Could you print the stretch of lines below from the one with "Women's Tree Dasher" through the one with "Used Callaway Big", exactly as they stand and without any pictures?

#### Input material
========
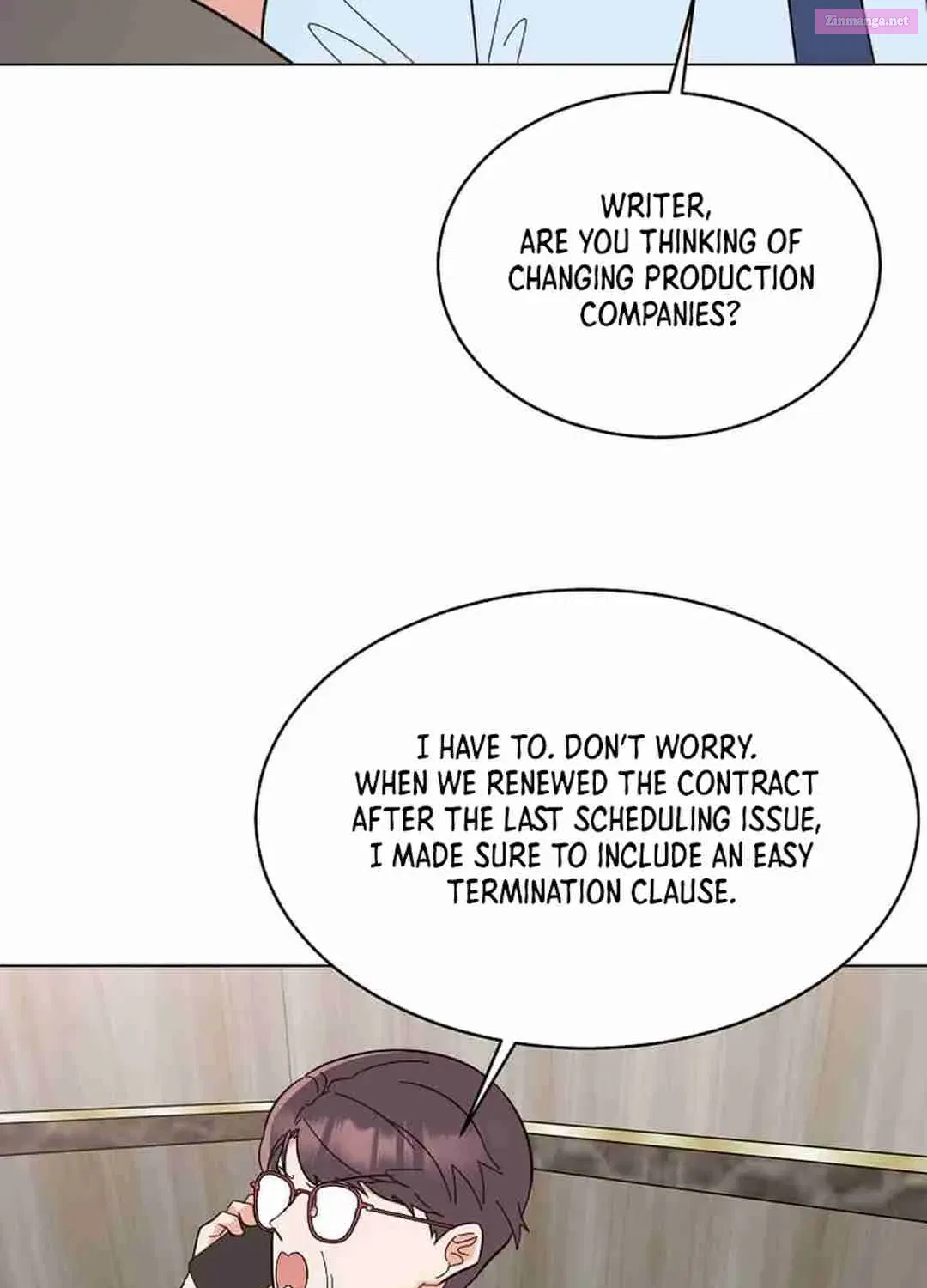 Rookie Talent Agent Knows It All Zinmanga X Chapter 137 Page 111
========
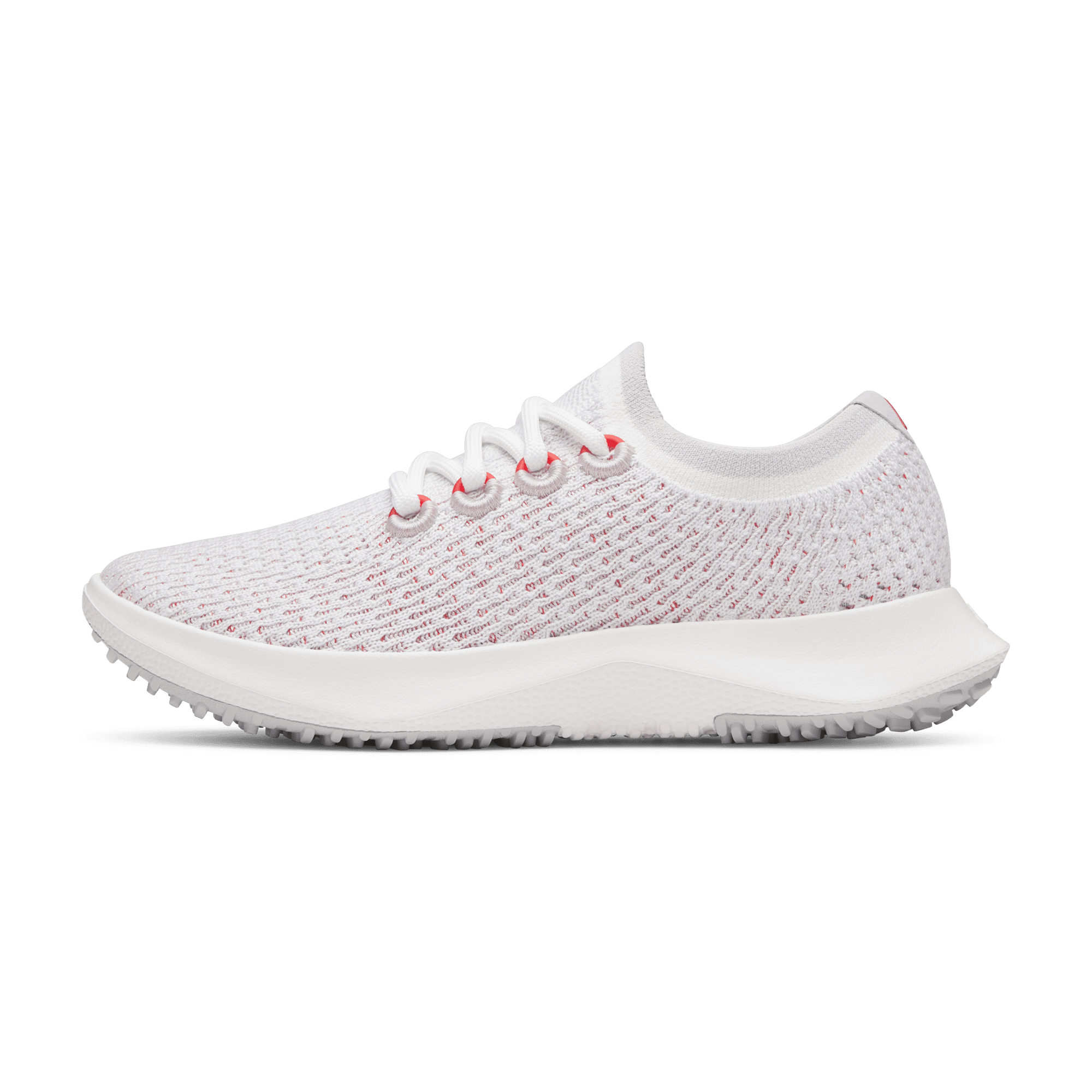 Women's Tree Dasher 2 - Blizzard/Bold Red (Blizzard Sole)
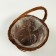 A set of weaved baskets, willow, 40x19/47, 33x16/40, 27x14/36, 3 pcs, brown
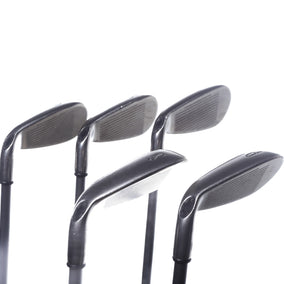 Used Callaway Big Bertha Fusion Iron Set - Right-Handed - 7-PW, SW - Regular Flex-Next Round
========
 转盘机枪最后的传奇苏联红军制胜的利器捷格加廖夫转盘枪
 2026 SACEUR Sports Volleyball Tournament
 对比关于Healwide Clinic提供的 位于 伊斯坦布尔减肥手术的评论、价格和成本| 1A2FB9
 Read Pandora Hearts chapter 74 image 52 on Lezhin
========
#### Completed exercise
 Women's Tree Dasher 2 - Blizzard/Bold Red (Blizzard Sole)
 A set of weaved baskets, willow, 40x19/47, 33x16/40, 27x14/36, 3 pcs, brown
 Used Callaway Big Bertha Fusion Iron Set - Right-Handed - 7-PW, SW - Regular Flex-Next Round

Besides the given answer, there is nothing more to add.